Belvedere Square merchants driven out of business Your...

LETTERS TO THE EDITOR

July 11, 2000

Belvedere Square merchants driven out of business

Your editorial putting the failure of the Belvedere Square market ("Belvedere Square disaster," July 5) squarely on the shoulders of developer James Ward was right on the mark.

In addition to the points made in the editorial, at least two other things should be mentioned that may further explain local resistance to Mr. Ward's proposal for redevelopment.

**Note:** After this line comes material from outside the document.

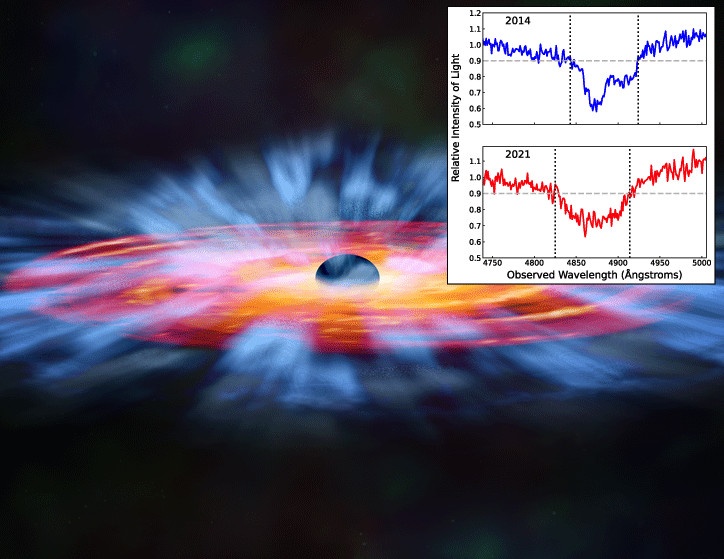 An artist’s impression of a quasar wind (in light blue) being launched off of the accretion disk (red-orange) around a supermassive black hole. Inset at right are two spectra from the quasar SBS 1408+544, showing the leftward shift of absorbed light that revealed the acceleration of gas pushed by quasar winds. Image: NASA/CXC/M. Weiss, Catherine Grier and the SDSS collaboration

At meetings in which Mr. Ward described his plans for the Belvedere Square area he attributed the failure of the businesses to the ineptitude of those tenants. This explanation is hard to swallow.

My wife and I bought our house in 1989. The proximity of the then-thriving Belvedere Square market was one of the things that influenced our decision. For several years, the market was a daily destination to shop for dinner and to visit with neighbors and merchants.

When the businesses in the market began to close, each merchant told more or less the same story -- the landlord was making it impossible to continue to do business. They said it seemed as though they were being driven out of the market.

If ineptitude was the reason for the failure, what sustained these vendors for all of the prior years?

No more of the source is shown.